■ **WHAT THE EXERCISE ASKS**:
The data below should be restated word for word, pictures omitted.

■ **DATA BLOCK**:
--- START ---

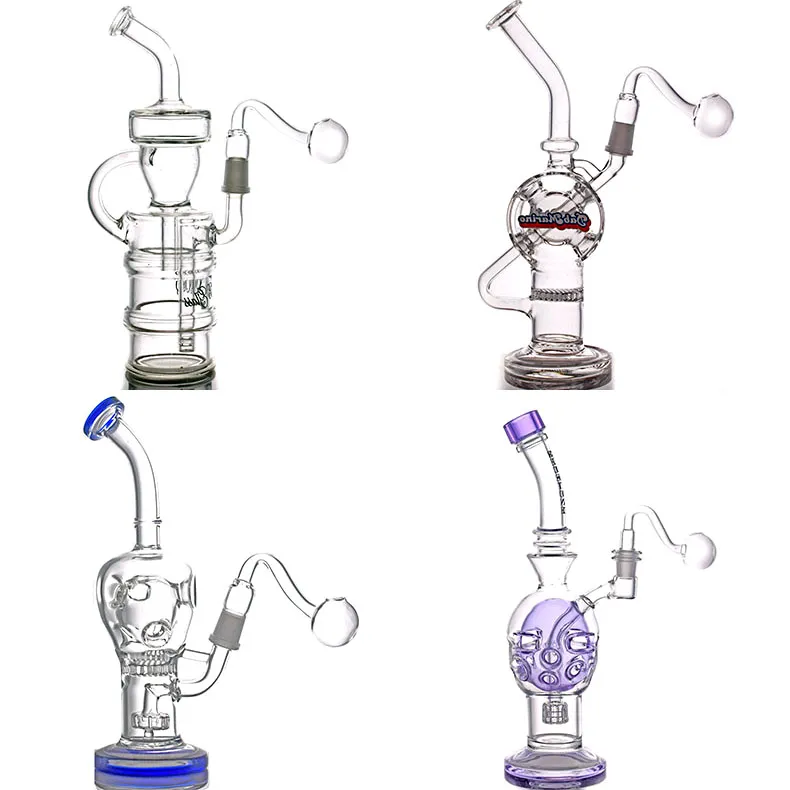 Fab en verre de verre BONG BONG EAU NHANDHAHS Huile Plateaux Honeycomb Matrix Douche PERC RECYCLER RIGS BONG avec tuyau de brûleur à huile de verre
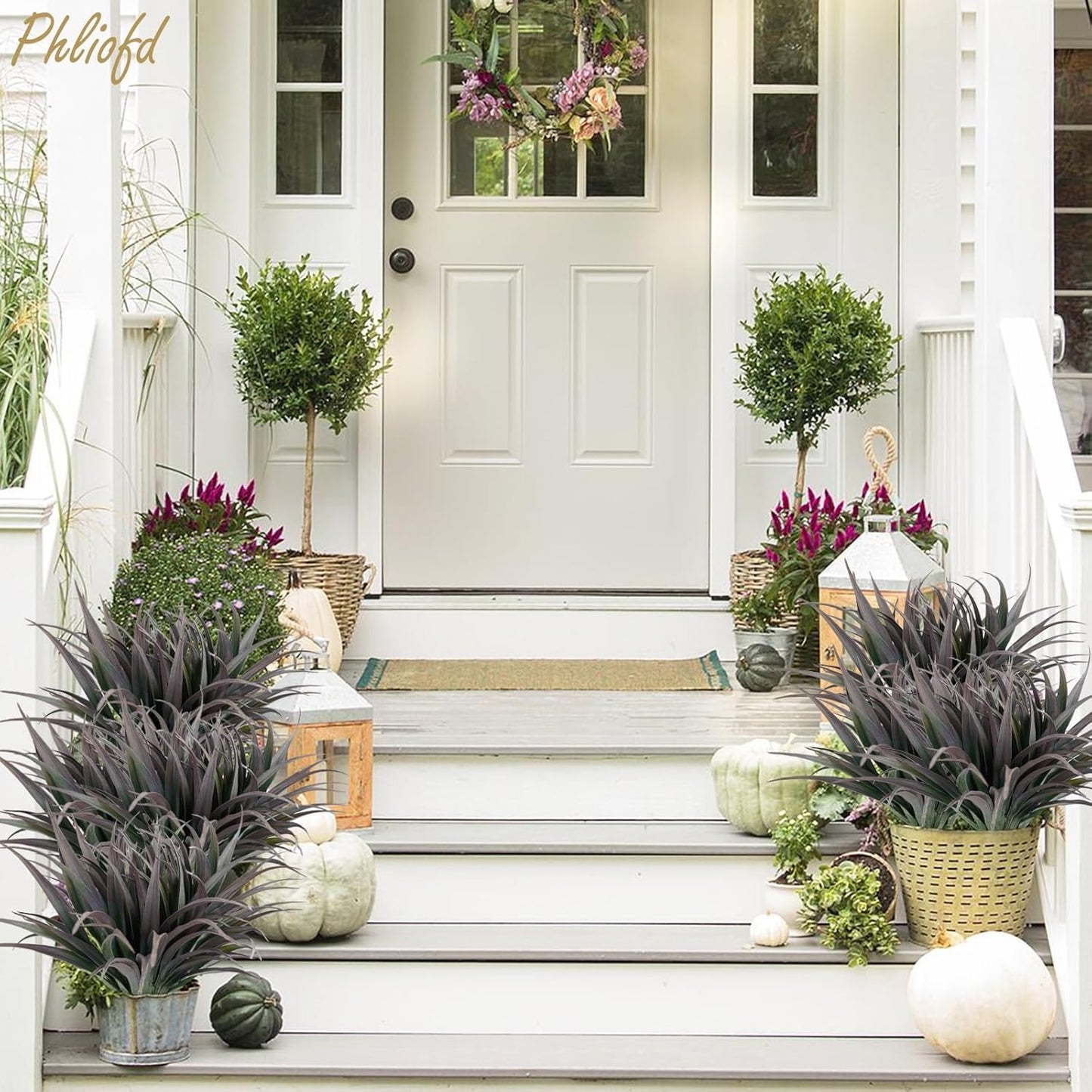 32 Pcs Artificial Grass Fake Plants 17.3in Outdoor Plants UV Resistant Faux Greenery Stems Fake Grass for Home Window Garden Office Patio Pathway Front Porch Halloween Décor Green & Black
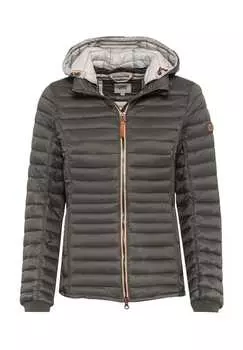 Стеганая куртка с регулируемым капюшоном и карманами на молнии Camel Active, хаки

--- END ---

■ **OUTPUT FOR THIS EXERCISE**:
 Fab en verre de verre BONG BONG EAU NHANDHAHS Huile Plateaux Honeycomb Matrix Douche PERC RECYCLER RIGS BONG avec tuyau de brûleur à huile de verre
 32 Pcs Artificial Grass Fake Plants 17.3in Outdoor Plants UV Resistant Faux Greenery Stems Fake Grass for Home Window Garden Office Patio Pathway Front Porch Halloween Décor Green & Black
 Стеганая куртка с регулируемым капюшоном и карманами на молнии Camel Active, хаки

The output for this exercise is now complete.